Song by Weezer

from the album Weezer (Gold Album)
- Released: August 21, 2026
- Genre: Geek rock
- Length: 3:04
- Label: Reprise; Warner;
- Songwriter: Rivers Cuomo
- Producers: Klas Åhlund; Kenneth Blume;

Music video
- "Say Yes" on YouTube

= Say Yes =

"Say Yes" is a song by American rock band Weezer. It serves as the opening track on their twentieth album, Weezer (also referred to as the "Gold Album").

== Composition and lyrics ==
The song was originally titled "School Sucks" and was written by Cuomo for his middle-school aged son. The song was later retitled to "Say Yes".

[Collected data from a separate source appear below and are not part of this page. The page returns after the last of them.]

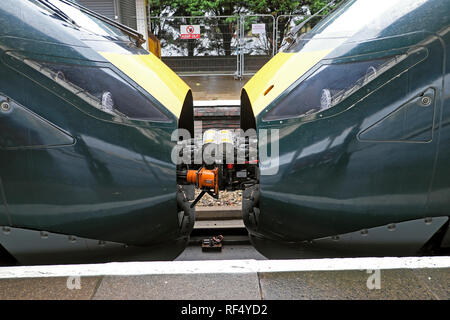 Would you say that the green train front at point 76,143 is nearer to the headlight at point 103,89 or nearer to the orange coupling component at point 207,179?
the headlight at point 103,89

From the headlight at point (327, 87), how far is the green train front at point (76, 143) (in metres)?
0.88

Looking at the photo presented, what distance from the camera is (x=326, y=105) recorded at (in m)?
2.81

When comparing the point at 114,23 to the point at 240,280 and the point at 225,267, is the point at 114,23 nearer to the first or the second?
the point at 225,267

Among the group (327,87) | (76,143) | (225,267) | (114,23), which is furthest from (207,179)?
→ (114,23)

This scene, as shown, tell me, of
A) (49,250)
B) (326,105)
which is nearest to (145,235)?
(49,250)

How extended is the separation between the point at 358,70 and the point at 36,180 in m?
2.49

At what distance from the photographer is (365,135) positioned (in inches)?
107

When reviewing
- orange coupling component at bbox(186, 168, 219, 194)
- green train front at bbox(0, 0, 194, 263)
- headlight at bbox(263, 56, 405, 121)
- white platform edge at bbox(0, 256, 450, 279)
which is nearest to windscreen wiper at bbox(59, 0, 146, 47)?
green train front at bbox(0, 0, 194, 263)

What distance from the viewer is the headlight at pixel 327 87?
2.75 m

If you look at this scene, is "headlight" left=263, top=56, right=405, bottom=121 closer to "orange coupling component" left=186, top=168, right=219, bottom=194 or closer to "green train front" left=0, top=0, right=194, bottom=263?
"orange coupling component" left=186, top=168, right=219, bottom=194

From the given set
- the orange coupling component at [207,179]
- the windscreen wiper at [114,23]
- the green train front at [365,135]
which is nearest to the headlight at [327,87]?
the green train front at [365,135]

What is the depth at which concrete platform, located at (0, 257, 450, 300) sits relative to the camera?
2395 mm

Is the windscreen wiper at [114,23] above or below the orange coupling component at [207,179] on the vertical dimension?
above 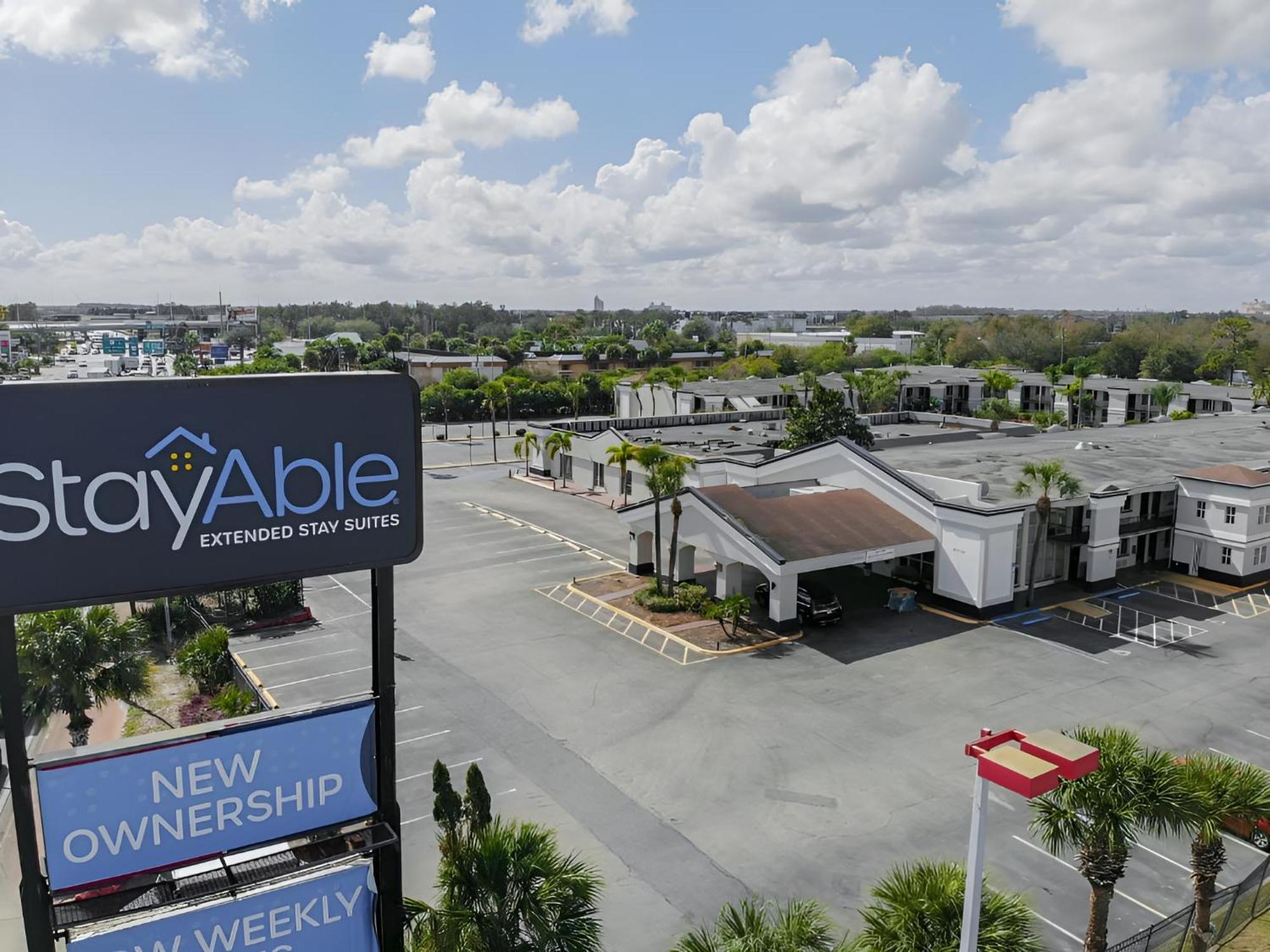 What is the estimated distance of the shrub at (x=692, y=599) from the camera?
38.2 m

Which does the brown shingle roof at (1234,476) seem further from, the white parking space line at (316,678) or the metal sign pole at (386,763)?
the metal sign pole at (386,763)

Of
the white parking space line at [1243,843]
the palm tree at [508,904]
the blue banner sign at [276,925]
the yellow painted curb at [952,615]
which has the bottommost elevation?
the white parking space line at [1243,843]

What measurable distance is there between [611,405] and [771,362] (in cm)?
3096

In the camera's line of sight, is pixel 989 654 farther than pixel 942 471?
No

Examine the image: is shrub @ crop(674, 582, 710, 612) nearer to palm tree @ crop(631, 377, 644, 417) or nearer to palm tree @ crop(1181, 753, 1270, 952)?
palm tree @ crop(1181, 753, 1270, 952)

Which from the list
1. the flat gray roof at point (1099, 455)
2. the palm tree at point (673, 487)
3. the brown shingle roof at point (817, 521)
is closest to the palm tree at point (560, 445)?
the flat gray roof at point (1099, 455)

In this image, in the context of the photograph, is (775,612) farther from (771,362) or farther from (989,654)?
(771,362)

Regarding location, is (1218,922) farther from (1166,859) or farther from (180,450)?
(180,450)

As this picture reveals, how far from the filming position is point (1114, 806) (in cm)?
1432

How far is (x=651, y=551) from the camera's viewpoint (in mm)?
43719

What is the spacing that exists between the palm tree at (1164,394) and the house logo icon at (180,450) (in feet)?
337

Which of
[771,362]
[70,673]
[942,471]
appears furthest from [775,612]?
[771,362]

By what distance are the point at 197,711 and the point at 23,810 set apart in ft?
70.8

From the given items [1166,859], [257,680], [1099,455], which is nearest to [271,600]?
[257,680] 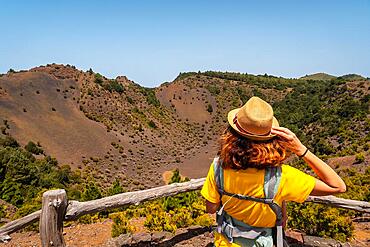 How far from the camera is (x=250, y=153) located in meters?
1.89

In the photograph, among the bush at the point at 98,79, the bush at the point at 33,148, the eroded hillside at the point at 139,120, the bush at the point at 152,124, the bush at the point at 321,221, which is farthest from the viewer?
the bush at the point at 98,79

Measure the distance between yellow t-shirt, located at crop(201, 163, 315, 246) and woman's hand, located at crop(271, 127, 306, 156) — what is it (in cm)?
12

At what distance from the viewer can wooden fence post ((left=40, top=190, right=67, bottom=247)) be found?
3.53 meters

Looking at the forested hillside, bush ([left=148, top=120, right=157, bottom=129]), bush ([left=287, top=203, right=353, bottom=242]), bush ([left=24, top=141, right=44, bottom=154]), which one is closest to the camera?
bush ([left=287, top=203, right=353, bottom=242])

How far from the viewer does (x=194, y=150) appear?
40.0 m

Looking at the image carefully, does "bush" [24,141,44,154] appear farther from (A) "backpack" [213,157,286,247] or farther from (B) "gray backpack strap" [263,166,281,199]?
(B) "gray backpack strap" [263,166,281,199]

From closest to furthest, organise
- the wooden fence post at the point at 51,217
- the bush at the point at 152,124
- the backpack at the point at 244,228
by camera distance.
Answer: the backpack at the point at 244,228 < the wooden fence post at the point at 51,217 < the bush at the point at 152,124

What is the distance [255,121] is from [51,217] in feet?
8.88

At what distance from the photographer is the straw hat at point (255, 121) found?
1852 mm

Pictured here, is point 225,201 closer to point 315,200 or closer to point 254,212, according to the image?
point 254,212

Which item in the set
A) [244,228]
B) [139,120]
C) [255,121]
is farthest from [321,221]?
[139,120]

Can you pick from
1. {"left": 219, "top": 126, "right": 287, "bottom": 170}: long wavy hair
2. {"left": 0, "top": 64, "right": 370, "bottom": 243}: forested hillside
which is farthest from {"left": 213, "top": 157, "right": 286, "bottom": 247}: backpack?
{"left": 0, "top": 64, "right": 370, "bottom": 243}: forested hillside

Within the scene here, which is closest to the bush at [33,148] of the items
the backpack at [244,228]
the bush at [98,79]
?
the bush at [98,79]

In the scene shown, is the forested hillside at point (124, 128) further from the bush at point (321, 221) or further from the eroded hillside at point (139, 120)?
the bush at point (321, 221) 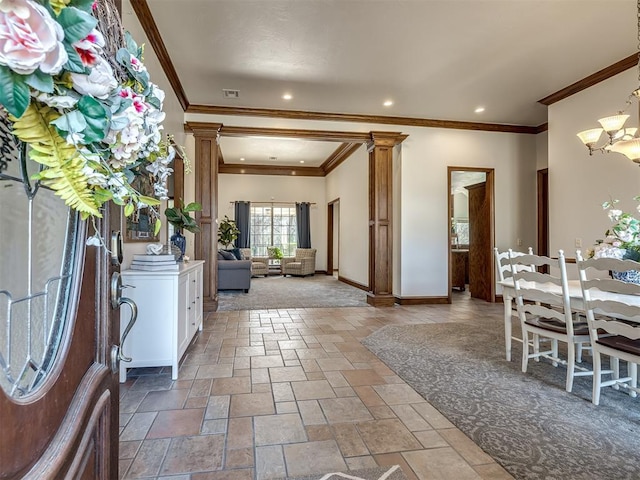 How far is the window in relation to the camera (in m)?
11.0

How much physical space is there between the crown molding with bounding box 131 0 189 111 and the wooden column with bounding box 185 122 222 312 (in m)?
0.60

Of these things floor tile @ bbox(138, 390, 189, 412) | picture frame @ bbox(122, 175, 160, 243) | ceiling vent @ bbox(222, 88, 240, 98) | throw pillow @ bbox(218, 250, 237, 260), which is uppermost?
ceiling vent @ bbox(222, 88, 240, 98)

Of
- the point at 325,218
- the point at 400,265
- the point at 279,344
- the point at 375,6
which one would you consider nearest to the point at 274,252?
the point at 325,218

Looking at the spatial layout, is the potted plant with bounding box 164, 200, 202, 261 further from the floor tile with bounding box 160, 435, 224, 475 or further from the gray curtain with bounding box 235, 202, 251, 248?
the gray curtain with bounding box 235, 202, 251, 248

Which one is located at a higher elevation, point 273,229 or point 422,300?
point 273,229

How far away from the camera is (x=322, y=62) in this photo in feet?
13.2

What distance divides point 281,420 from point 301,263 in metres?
8.01

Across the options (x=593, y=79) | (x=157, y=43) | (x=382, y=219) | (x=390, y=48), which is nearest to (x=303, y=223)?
(x=382, y=219)

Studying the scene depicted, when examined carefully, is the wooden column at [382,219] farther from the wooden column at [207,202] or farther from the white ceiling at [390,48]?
the wooden column at [207,202]

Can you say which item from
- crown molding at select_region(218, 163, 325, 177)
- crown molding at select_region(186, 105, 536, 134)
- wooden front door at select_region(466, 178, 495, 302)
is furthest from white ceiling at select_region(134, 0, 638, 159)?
crown molding at select_region(218, 163, 325, 177)

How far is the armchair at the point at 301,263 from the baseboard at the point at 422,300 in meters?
4.45

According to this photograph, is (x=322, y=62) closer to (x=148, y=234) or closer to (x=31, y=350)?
(x=148, y=234)

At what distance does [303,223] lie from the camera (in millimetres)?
10859

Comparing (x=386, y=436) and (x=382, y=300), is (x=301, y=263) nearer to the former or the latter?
(x=382, y=300) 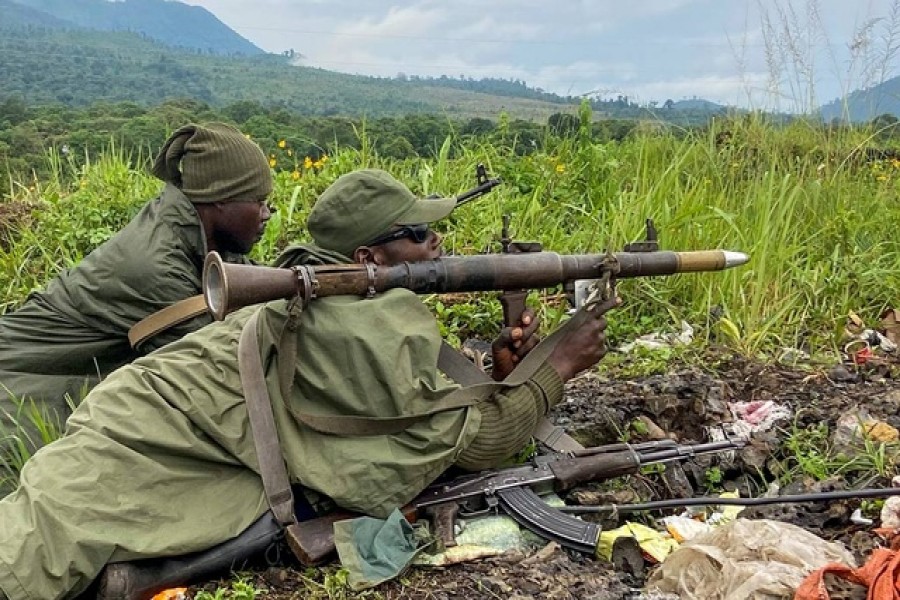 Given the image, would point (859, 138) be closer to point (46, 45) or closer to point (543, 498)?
point (543, 498)

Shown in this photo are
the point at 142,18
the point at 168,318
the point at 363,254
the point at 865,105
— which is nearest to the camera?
the point at 363,254

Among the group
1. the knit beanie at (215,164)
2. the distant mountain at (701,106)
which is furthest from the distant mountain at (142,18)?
the knit beanie at (215,164)

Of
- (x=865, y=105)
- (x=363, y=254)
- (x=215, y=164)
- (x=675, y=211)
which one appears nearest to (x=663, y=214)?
(x=675, y=211)

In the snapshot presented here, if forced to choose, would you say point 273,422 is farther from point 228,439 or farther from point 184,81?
point 184,81

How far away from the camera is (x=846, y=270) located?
545cm

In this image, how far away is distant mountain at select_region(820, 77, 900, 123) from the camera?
696 centimetres

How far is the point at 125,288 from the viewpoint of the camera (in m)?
3.96

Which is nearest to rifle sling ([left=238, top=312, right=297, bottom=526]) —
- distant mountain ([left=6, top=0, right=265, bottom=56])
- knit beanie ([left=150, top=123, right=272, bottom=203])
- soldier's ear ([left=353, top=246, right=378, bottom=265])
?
soldier's ear ([left=353, top=246, right=378, bottom=265])

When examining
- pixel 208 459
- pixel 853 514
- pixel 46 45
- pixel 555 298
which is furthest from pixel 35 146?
pixel 46 45

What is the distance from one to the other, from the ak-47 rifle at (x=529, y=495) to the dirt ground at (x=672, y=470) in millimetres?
81

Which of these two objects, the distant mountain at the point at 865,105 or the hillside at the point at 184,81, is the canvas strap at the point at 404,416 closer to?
the distant mountain at the point at 865,105

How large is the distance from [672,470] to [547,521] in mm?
696

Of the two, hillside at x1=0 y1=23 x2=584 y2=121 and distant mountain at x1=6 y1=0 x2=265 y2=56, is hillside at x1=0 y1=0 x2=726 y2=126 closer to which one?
hillside at x1=0 y1=23 x2=584 y2=121

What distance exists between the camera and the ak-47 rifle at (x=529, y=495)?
9.56 ft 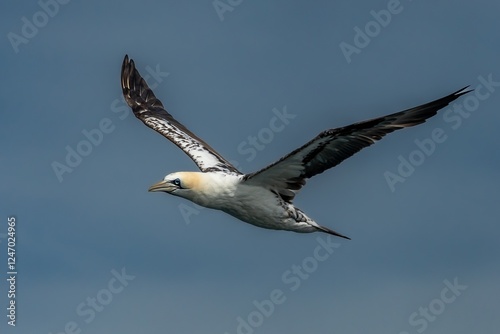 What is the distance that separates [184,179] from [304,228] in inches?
164

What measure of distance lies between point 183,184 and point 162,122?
31.4ft

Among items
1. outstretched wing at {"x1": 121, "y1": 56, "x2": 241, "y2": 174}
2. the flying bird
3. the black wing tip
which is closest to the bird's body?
the flying bird

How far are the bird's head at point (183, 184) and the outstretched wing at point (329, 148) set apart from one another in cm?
162

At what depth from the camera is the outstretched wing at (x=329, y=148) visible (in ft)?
97.9

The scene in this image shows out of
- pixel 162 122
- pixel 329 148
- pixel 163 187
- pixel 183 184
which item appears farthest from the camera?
pixel 162 122

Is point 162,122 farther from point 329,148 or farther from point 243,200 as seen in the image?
point 329,148

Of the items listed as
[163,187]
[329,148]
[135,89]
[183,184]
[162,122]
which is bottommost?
[329,148]

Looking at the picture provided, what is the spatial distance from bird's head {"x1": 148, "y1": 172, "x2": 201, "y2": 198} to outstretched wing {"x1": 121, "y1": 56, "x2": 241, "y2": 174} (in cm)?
290

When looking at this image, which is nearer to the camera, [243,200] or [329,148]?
[329,148]

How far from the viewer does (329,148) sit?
31.4 m

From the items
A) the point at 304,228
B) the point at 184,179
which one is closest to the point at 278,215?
the point at 304,228

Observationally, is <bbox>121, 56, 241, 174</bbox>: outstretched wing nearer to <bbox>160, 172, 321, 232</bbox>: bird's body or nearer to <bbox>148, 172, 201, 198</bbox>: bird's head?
<bbox>160, 172, 321, 232</bbox>: bird's body

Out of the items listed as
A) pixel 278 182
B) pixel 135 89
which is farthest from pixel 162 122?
pixel 278 182

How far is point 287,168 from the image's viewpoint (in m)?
32.7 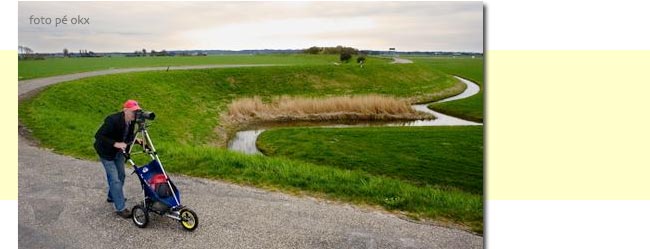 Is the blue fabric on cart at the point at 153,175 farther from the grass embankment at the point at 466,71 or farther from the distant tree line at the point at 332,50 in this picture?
the grass embankment at the point at 466,71

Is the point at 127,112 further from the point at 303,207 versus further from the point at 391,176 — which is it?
the point at 391,176

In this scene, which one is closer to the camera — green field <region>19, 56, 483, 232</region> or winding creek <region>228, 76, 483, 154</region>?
green field <region>19, 56, 483, 232</region>

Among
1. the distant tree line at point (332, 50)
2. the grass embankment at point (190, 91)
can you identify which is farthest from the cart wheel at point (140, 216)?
the distant tree line at point (332, 50)

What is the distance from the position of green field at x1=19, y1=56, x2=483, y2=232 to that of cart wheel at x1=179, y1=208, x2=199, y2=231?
5.39 feet

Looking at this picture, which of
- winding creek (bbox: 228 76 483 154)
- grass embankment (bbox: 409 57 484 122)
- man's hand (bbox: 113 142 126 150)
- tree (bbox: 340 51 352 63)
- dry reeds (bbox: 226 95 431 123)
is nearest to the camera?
man's hand (bbox: 113 142 126 150)

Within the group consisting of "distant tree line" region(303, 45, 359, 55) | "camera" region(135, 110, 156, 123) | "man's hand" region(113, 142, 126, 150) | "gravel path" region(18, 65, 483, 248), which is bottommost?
"gravel path" region(18, 65, 483, 248)

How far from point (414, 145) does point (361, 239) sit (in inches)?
163

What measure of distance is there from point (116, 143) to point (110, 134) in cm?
18

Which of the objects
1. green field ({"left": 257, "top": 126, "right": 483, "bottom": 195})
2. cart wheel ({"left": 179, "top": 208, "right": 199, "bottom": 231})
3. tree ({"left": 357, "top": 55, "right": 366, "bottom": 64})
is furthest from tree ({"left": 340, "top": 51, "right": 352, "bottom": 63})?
cart wheel ({"left": 179, "top": 208, "right": 199, "bottom": 231})

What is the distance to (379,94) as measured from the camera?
8336mm

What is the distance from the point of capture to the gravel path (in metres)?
4.80

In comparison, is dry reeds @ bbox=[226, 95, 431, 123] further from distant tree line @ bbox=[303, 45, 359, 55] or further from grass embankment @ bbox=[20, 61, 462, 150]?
distant tree line @ bbox=[303, 45, 359, 55]

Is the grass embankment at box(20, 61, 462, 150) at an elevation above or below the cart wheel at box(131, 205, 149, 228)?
above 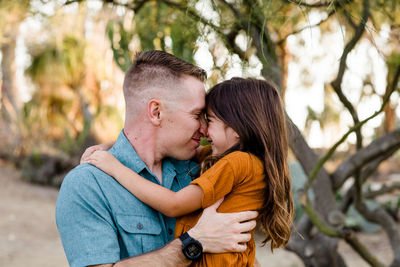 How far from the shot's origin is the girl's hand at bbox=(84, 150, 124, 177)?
1.87 meters

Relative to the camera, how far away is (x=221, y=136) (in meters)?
2.12

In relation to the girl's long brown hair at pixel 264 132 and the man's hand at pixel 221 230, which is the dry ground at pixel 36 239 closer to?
the girl's long brown hair at pixel 264 132

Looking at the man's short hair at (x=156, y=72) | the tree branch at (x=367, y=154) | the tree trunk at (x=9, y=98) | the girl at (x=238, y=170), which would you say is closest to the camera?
the girl at (x=238, y=170)

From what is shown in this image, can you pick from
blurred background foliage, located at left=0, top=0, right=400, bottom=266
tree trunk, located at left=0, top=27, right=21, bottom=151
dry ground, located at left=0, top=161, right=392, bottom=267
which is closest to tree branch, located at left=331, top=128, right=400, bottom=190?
blurred background foliage, located at left=0, top=0, right=400, bottom=266

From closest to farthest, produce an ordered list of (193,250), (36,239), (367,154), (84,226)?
(84,226) < (193,250) < (367,154) < (36,239)

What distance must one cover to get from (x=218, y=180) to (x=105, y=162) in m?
0.48

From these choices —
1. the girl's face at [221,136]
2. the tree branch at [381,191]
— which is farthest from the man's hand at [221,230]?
the tree branch at [381,191]

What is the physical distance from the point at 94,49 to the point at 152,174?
39.8 feet

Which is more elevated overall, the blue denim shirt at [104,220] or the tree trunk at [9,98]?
the tree trunk at [9,98]

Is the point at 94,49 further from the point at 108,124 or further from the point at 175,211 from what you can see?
the point at 175,211

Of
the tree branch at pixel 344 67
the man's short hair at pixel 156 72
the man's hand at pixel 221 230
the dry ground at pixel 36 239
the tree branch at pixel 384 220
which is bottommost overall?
the dry ground at pixel 36 239

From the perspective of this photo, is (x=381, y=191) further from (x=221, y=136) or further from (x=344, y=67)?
(x=221, y=136)

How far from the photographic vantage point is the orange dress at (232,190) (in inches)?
74.5

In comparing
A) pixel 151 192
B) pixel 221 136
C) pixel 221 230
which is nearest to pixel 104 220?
pixel 151 192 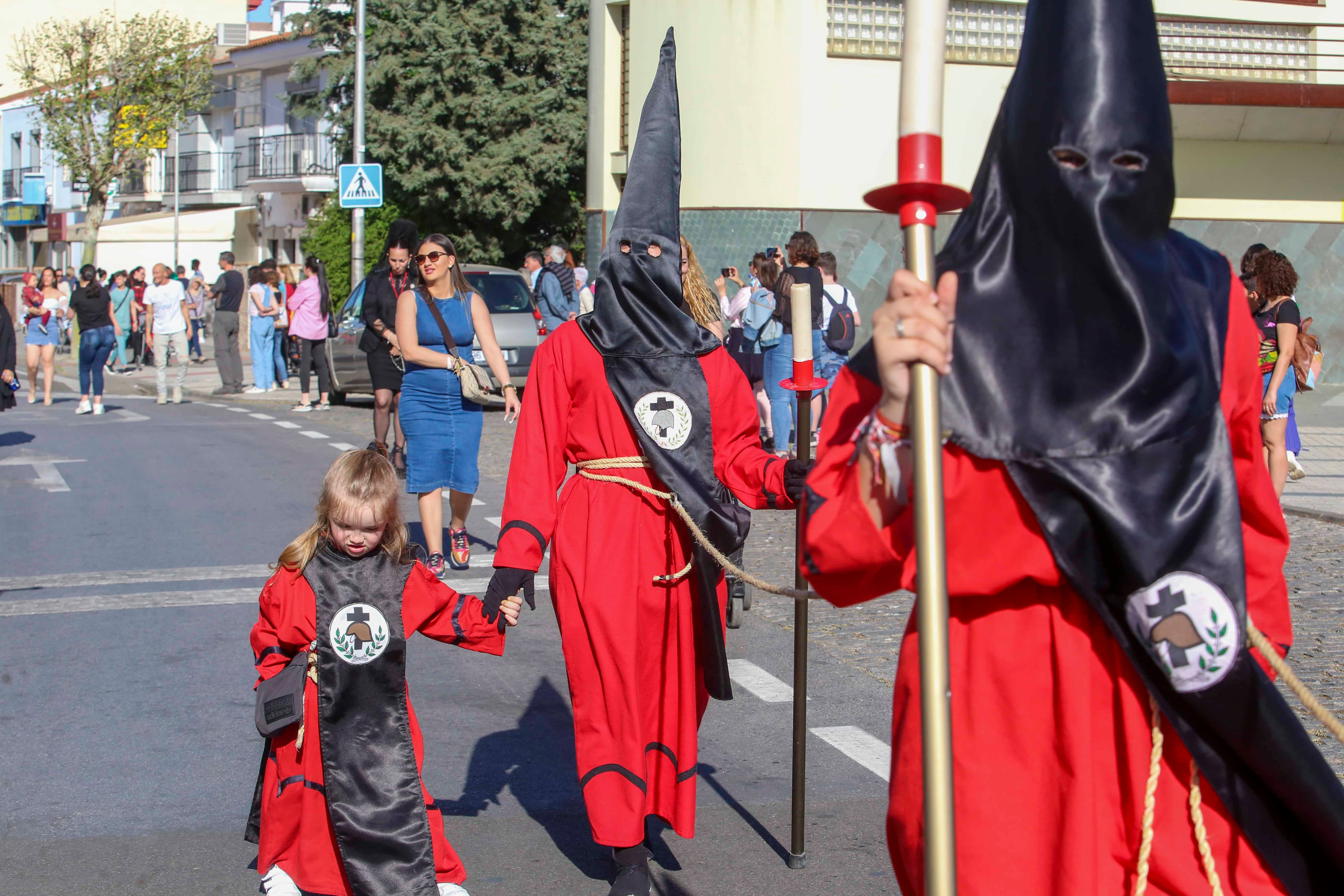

On the track, Cuomo questions his place and his worth in the music industry. The song also features a guitar solo partway through the song that was described as "mind-blowing" by Showbiz by PS.

== Reception ==
Consequence of Sound described the song as "sheer power, as feedback swells into geek rock glory: power-chord fuzz, overdriven guitar leads, distorted bass, swaggering open-hi-hat drumming, and Cuomo’s ever-youthful falsetto". Karina Selvig writing for New Noise Magazine said the song was "a pretty good reminder of why Weezer have managed to stick around for this long" and that "It’s a nice way into the album without immediately throwing everything around you. It doesn’t take many songs before Weezer reminds you that no matter how seriously the band might take the actual music, Cuomo is going to write like he always has". Alternative Press described the song as "an easy earworm".